I came to the Catholic novel as a high-school senior, and while I might not have been able to define it at the time, after reading Graham Greene’s Brighton Rock, I was hooked for life. In the ensuing years I devoured novels by Greene, François Mauriac, Georges Bernanos, and Evelyn Waugh. I loaned them to my friends, all of whom had graduated from Catholic colleges—yet somehow had never read any of the novels, or apparently even heard of them or their authors.
Unfortunately, even today those classic Catholic novels remain largely hidden treasures. Just try persuading English teachers in Catholic high schools or colleges to offer a course on them! My impression is that they think the topic too parochial. Of course, the meaning and mystery dramatized in Catholic novels is the opposite of parochial. The stories deal with the most profound truths about human persons.
The importance of the traditional Catholic novel, and also of its disappearance, was underlined by Richard Gilman in his provocative 1987 memoir, Faith, Sex, Mystery. Gilman relates how his conversion from secular Judaism to Catholicism was greatly aided by the novels of Greene, Mauriac, Bernanos, and Waugh. He writes that “I wanted to hear about God then,” and that he found him “lurking in all those fictional worlds, more or less a factor in the plots, often an antagonist, and his presence there—His presence.... He was someone, a character not wholly unlike all the others.”

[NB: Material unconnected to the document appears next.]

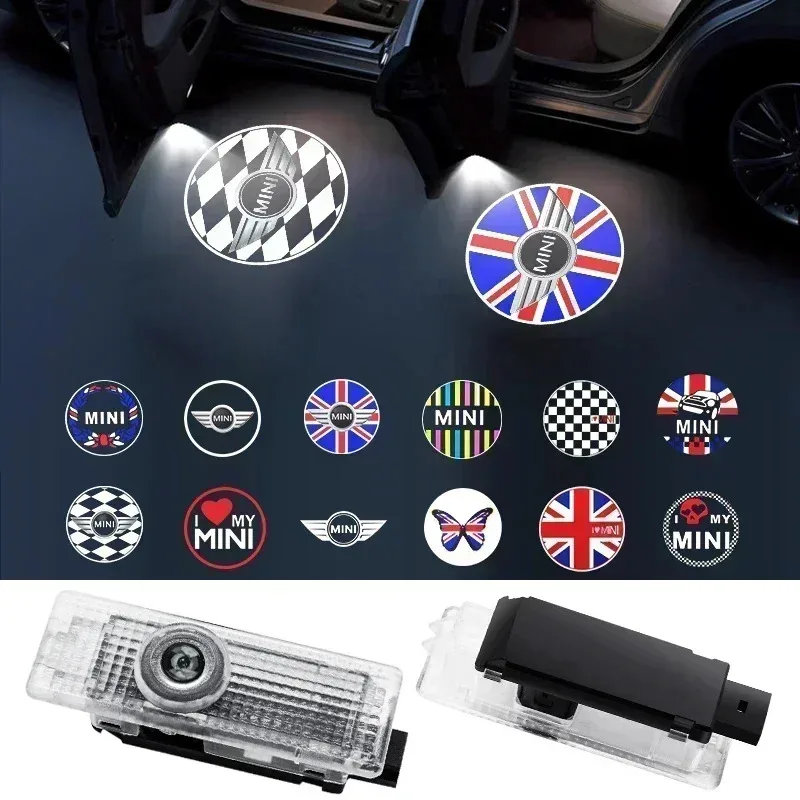 

2Pcs Led Welcome Light Car Door Projector Lamps For BMW Mini Cooper One S JCW Countryman R56 R53 R50 F55 F56 R60 R57 Accessories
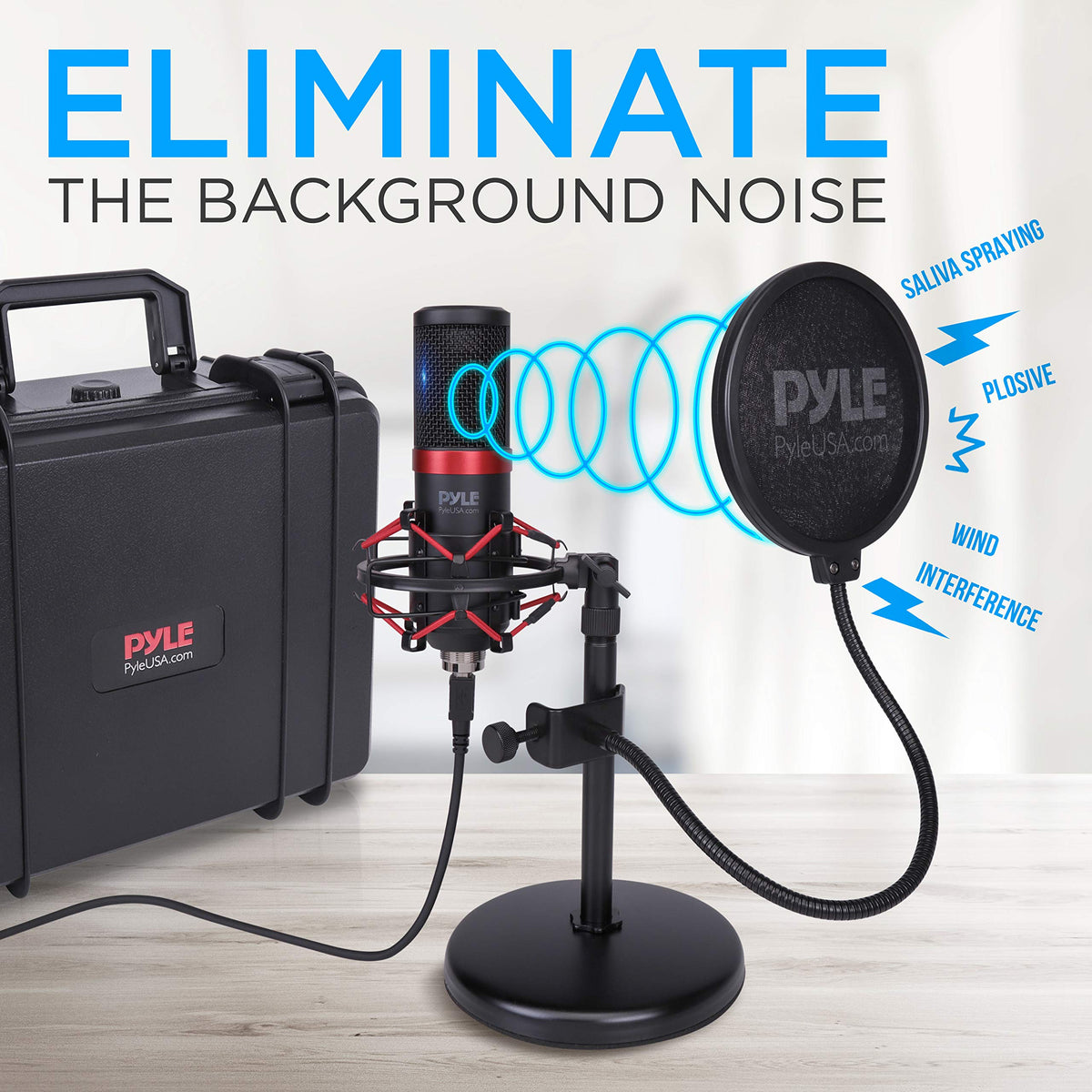 USB Cardioid Condenser Microphone Kit with Shock Mount Stand and Pop Filter W954302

When Gilman later moved away from Catholicism, he observed accurately that no one was writing the kind of Catholic novel that had led him into the church. But something else has appeared since that time, a newer kind of Catholic novel, the most striking examples of which are the works of Alice McDermott. To my mind McDermott’s seven novels dramatize the idea put down in Gerard Manley Hopkins’s poem ”As Kingfishers Catch Fire”: “Christ plays in ten thousand places, / Lovely in limbs, and lovely in eyes not his / To the Father through the features of men’s faces.” Alice McDermott seems especially attentive to those words. And her power of observation and ability to express what she observes are awesome.